§ **Entries shown**
·····
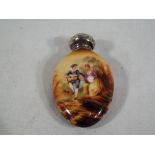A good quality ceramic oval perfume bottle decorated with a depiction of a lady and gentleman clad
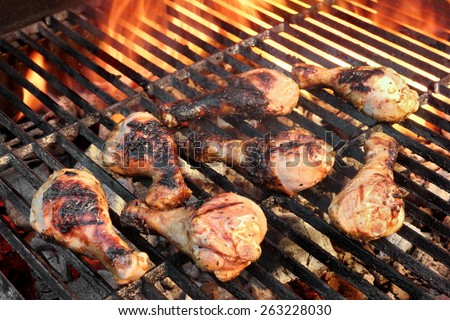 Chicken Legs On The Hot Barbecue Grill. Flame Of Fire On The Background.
·····
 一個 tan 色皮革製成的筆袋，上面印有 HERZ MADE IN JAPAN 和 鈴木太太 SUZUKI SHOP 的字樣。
·····
§ **Try it**
What should come back is an exact copy of the lines above from the line with "A good quality" to the line with "Chicken Legs On", both included, minus the pictures.

§ **Written response**
A good quality ceramic oval perfume bottle decorated with a depiction of a lady and gentleman clad
 Chicken Legs On The Hot Barbecue Grill. Flame Of Fire On The Background.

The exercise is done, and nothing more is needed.